(48) Al llegar al navío, Molina contó
maravillas de Tumbes. “Dijo que las casas eran de piedra y que, antes de que
hablase con el cacique, pasó por tres puertas con porteros que las guardaban, y
que se servían con vasos de plata y oro. Pizarro dio mucha gracias a Dios, y se
quejó mucho de los españoles que se volvieron”. Lo decía en el sentido de que,
si hubiera podido contar con ellos, habría sido posible ir directamente a la
conquista de los incas. Pero Cieza hace una reflexión acertada: “Y se engañaba,
porque si fuera con ellos y procurara
dar la guerra, los matarían, porque Huayna Cápac estaba vivo y los incas no
tenían las diferencias que después, cuando volvió, hallaron (de hecho, no tardó
mucho en morir el gran emperador)”. Añade algo que ya resulta demasiado
angelical (aunque le honra): “Si con buenas palabras quisieran convertir a las
gentes, que se hallaban tan pacíficas, no necesitarían a los que se marcharon,
pues bastaban los que con él estaban; mas las cosas de las Indias son juicios
de Dios salidos de su profunda sabiduría, y Él sabe por qué ha permitido lo que
ha pasado”. Es llamativo que Cieza, con larga experiencia en las continuas
batallas de las Indias, terminara defendiendo un grado de pacifismo imposible.

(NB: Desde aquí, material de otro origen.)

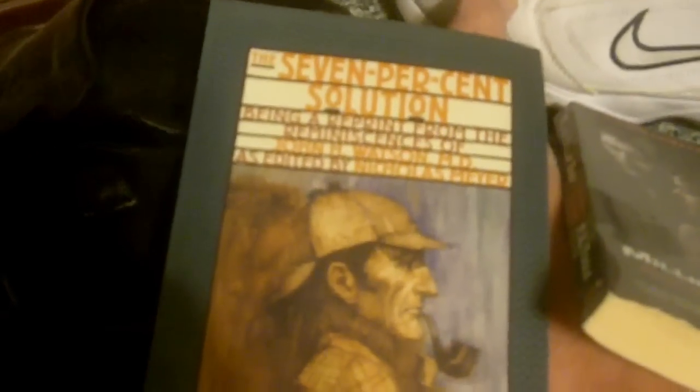We have a copy of The 7% Solution, a Sherlock Holmes novel written by Nicholas Meyer. If you recognize that name, you've probably seen Star Trek II — that's the same guy. He's actually more of a writer than a film director. This was one of his first books, and I believe it was translated into a film, but somebody else directed it. I haven't quite read through it, but I need to — it's supposed to be pretty good.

El caso es que rechaza la guerra, pero insiste en que la acepta como un
misterio divino: “Dios fue servido de que, mientras Huayna Cápac reinó, no
entrasen en su tierra los españoles, y que ellos estuviesen en Panamá hasta que
murió. Y las Escrituras son para que los hombres entiendan los acaecimientos, y
consideren cómo ordena Dios las cosas y se hace lo que ellos no piensan”.
A Pizarro le pareció que Molina estaba
exagerando la importancia de Tumbes y, para quitarse las dudas, decidió enviar
a otro ‘observador’. Escogió al griego Pedro de Candía, quien, aunque
pecaba de ‘fantasmón’, era un hombre de mundo y muy perspicaz. Se fue solo (se
supone que con un intérprete), sacando pecho y con un arcabuz. Los nativos lo
llevaron ante el cacique, que estaba acompañado de sus notables: “Se asombraron
de ver a Candía tan dispuesto y rogáronle que usara el arcabuz porque ya lo había
hecho en el navío en presencia de algunos indios. Por les hacer placer, puso la
mecha, y acertando en un tablón grueso que allí estaba, lo pasó como si fuera
un melón. Muchos de los indios cayeron en tierra y otros dieron un grito;
juzgaban por muy valiente al cristiano por su disposición y por soltar aquellos
tiros. Luego diéronle de comer
cumplidamente y le preguntaron mucha cosas. Las mamaconas, que son las
vírgenes sagradas, le quisieron ver, el cacique mandó que se lo llevaran, y
holgaron en extremo con ver a Candía; hacían labores de lana y fina ropa, y
estaban al servicio del templo; las más eran hermosas, y todas muy amorosas (usado entonces en el sentido de ‘amables’).
Cuando Candía volvió a la nao, le contó a Pizarro tantas cosas que, en comparación,
no era nada lo que había dicho Alonso de Molina; porque dijo que vio cántaros
de plata y estar labrando a muchos plateros, y que por algunas paredes del
templo había planchas de oro y plata, y que las mujeres que llamaban ‘del Sol’
eran muy hermosas. Locos estaban de placer los españoles en oír tantas cosas, y
esperaban en Dios gozar su parte de ello”.
(Imagen) Es posible que el buen
recibimiento que tuvieron Pizarro y los ‘trece de la fama’ allá adonde llegaban
se debiera a que no suponían una amenaza por ser tan pocos y a que, con buen
criterio, los españoles se limitaron a observar diplomáticamente y con buenas
maneras. Pero también a que Huayna Cápac aún vivía (murió poco después) y su
imperio estaba en paz porque no había estallado la terrible guerra civil entre
sus hijos. Con su llegada a Tumbes, Pizarro ya sobrepasó lo descubierto por el
piloto Bartolomé Ruiz, pero no recaló en la isla Puná; eso quedó para el
siguiente viaje (nada pacífico), y en ambos sitios iban a tener muy duros enfrentamientos.